-- MATERIAL FOR THIS TASK follows --

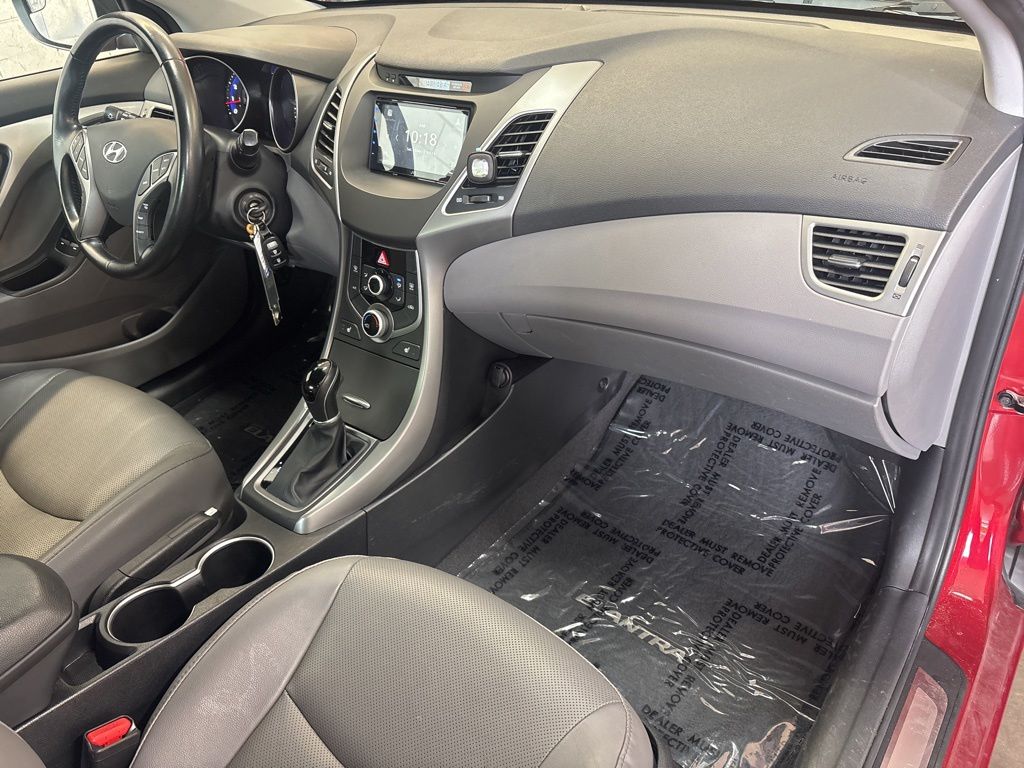 Thumbnail: 2015 Hyundai Elantra - 35
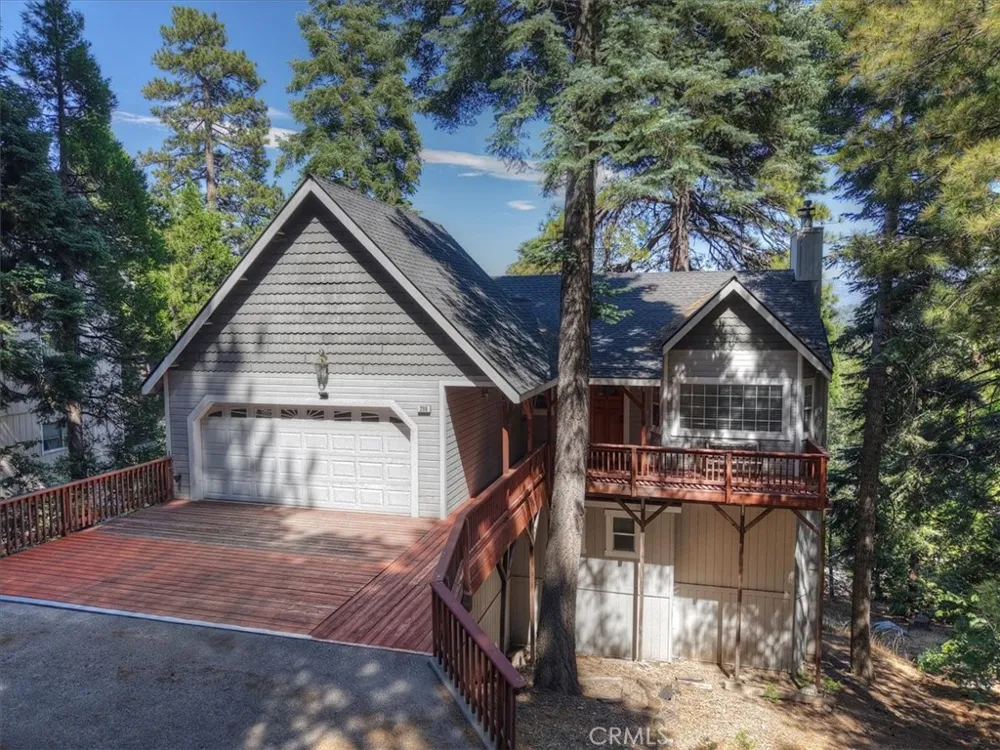 286 Birchwood Lake Arrowhead, CA 92352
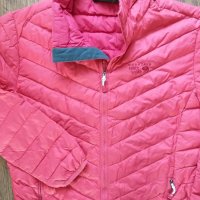 Mountain Hardwear Womens Nitrous Jacket - страхотно дамско пухено яке, снимка 2 - Якета - 24457900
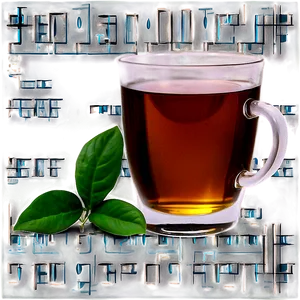 Tea Festival Poster PNG 05242024 PNG
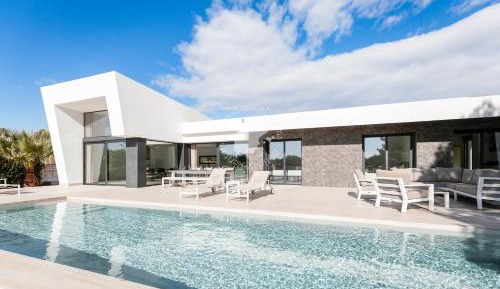 Holiday Home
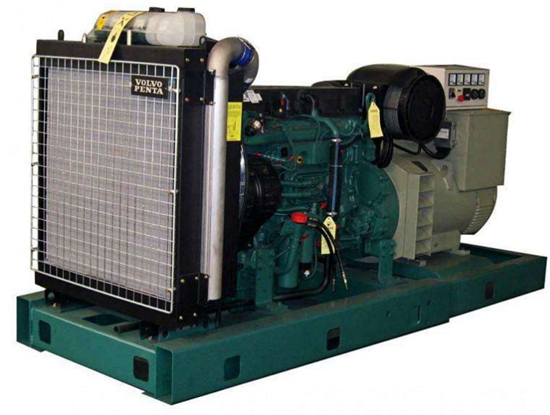 江西柴油发电机
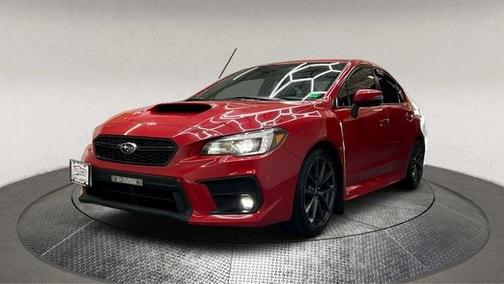 2018 Subaru WRX Limited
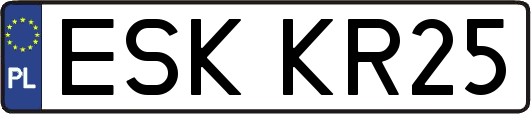 ESKKR25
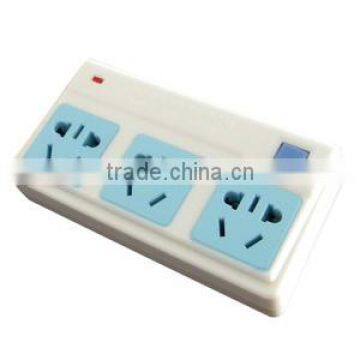 Power outlet shell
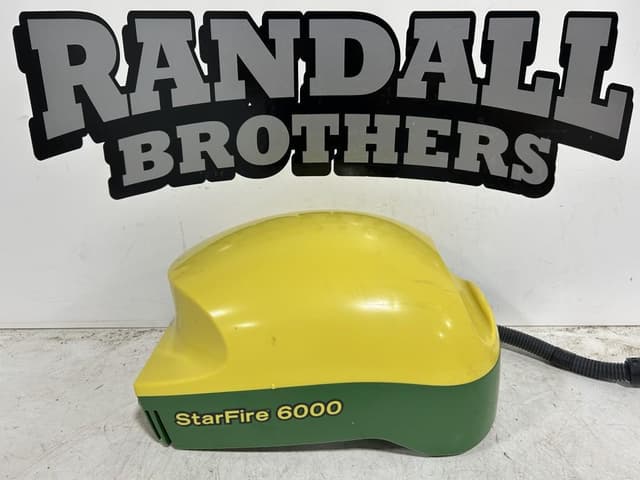 Image of John Deere StarFire 6000 equipment image 1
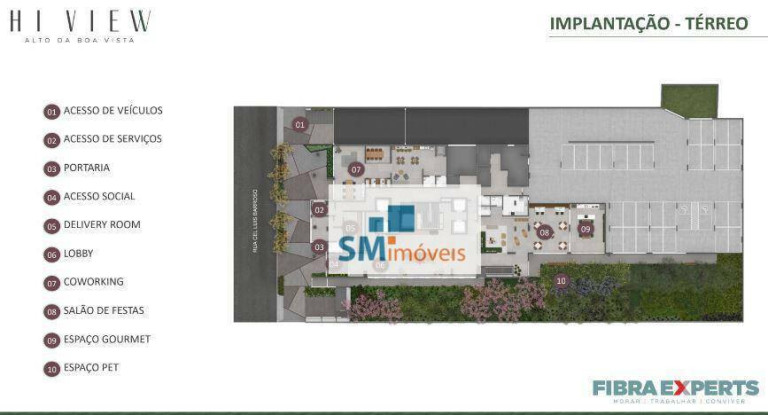 Imagem Apartamento com 3 Quartos à Venda, 95 m² em Alto Da Boa Vista - São Paulo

-- MATERIAL FOR THIS TASK concluded --

PROBLEM STATEMENT: Only exact lines belong in the answer: those from the beginning of the entries above through the line holding "Power outlet shell", with no pictures.

ANSWER TO THE PROBLEM:
 Thumbnail: 2015 Hyundai Elantra - 35
 286 Birchwood Lake Arrowhead, CA 92352
 Mountain Hardwear Womens Nitrous Jacket - страхотно дамско пухено яке, снимка 2 - Якета - 24457900
 Tea Festival Poster PNG 05242024 PNG
 Holiday Home
 江西柴油发电机
 2018 Subaru WRX Limited
 ESKKR25
 Power outlet shell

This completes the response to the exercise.